For that reason alliteration and rhyming, both reasonably common in legal writing, should be looked upon with suspicion.

An example: I've spent more time with Brown Shoe in recent weeks than I care to recount.  Brown Shoe contains two statements of a possible rule.  One:  " It is competition, not competitors, which the Act protects."  Another:  "[W]e cannot fail to recognize Congress' desire to promote competition through the protection of viable, small, locally owned business."  The first is pure dicta.  The second is the rule of law.  Which gets the most airplay?  The pleasingly alliterative phrase "competition, not competitors."  

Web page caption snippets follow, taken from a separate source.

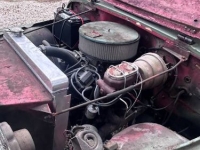 1969 Jeep Commando for sale in Michigan (ID-162115)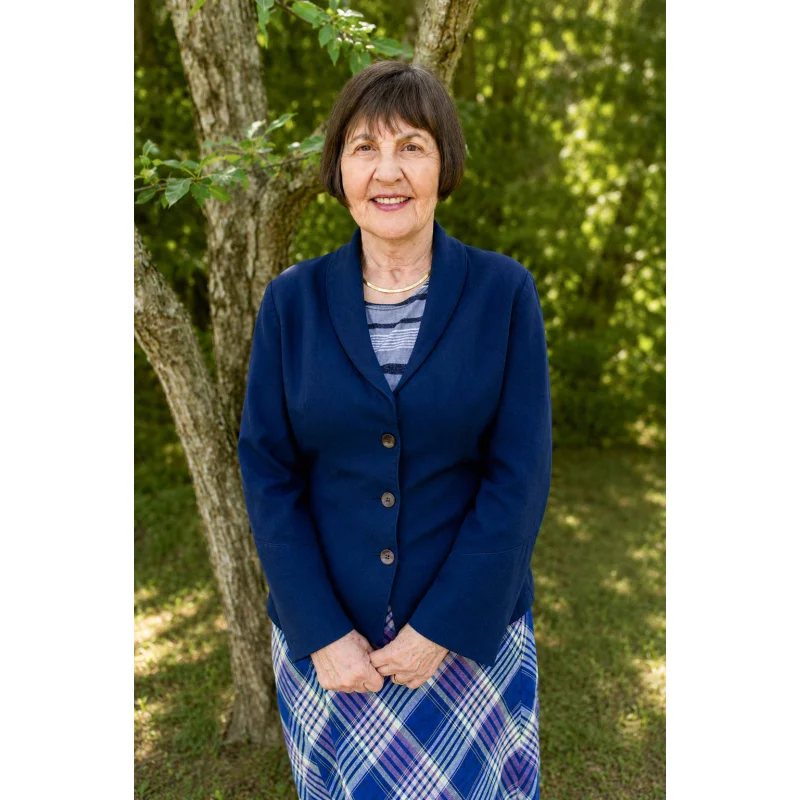 Rev. Dr. Connie Phillipson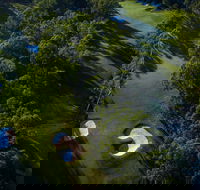 Brookwater Golf and Country Club - Accommodation Mt Buller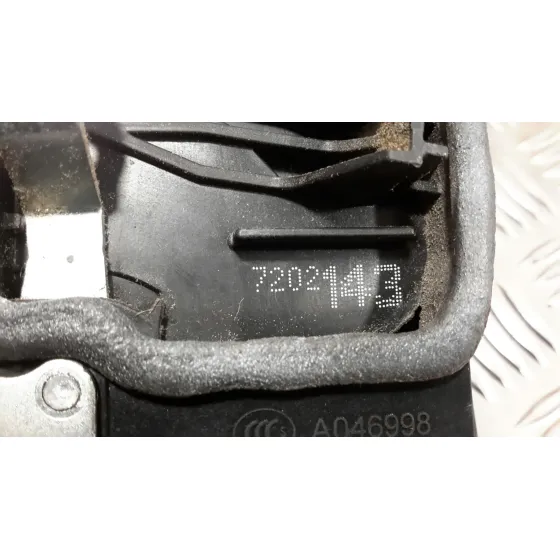 Cerradura Puerta Delantera Izquierda para Bmw Serie 3 Cabrio (E93)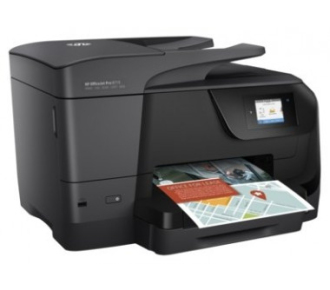 HP OfficeJet Pro 8715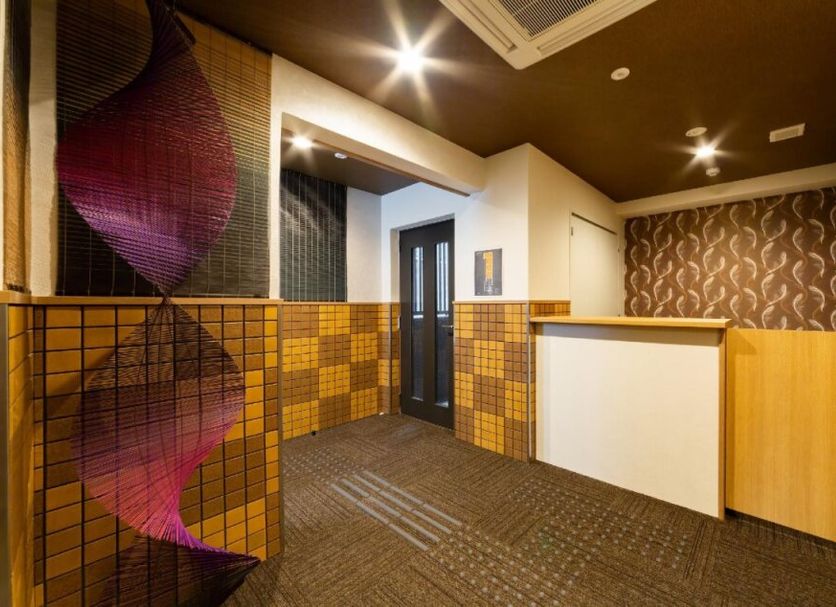 Recepción Foto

Might Brown Shoe be better understood by history if Chief Justice Warren had written instead, "The Clayton Act does not exist to keep individual firms in business unless doing so works to the benefit of the competitive process."  First, it would be more accurate.  (Contrary to the implication of Warren's clever phrase, competition and competitors are not antonyms.)  Second, it would not be nearly as quotable.

What if we made an effort to write what is accurate and not what sounds nice?  We would be more likely to get it right and less likely to spin clever but inaccurate turns of phrase that get abused going forward.

1 comment:

  1. A writing instinct with meaning imperfectly expressed . . .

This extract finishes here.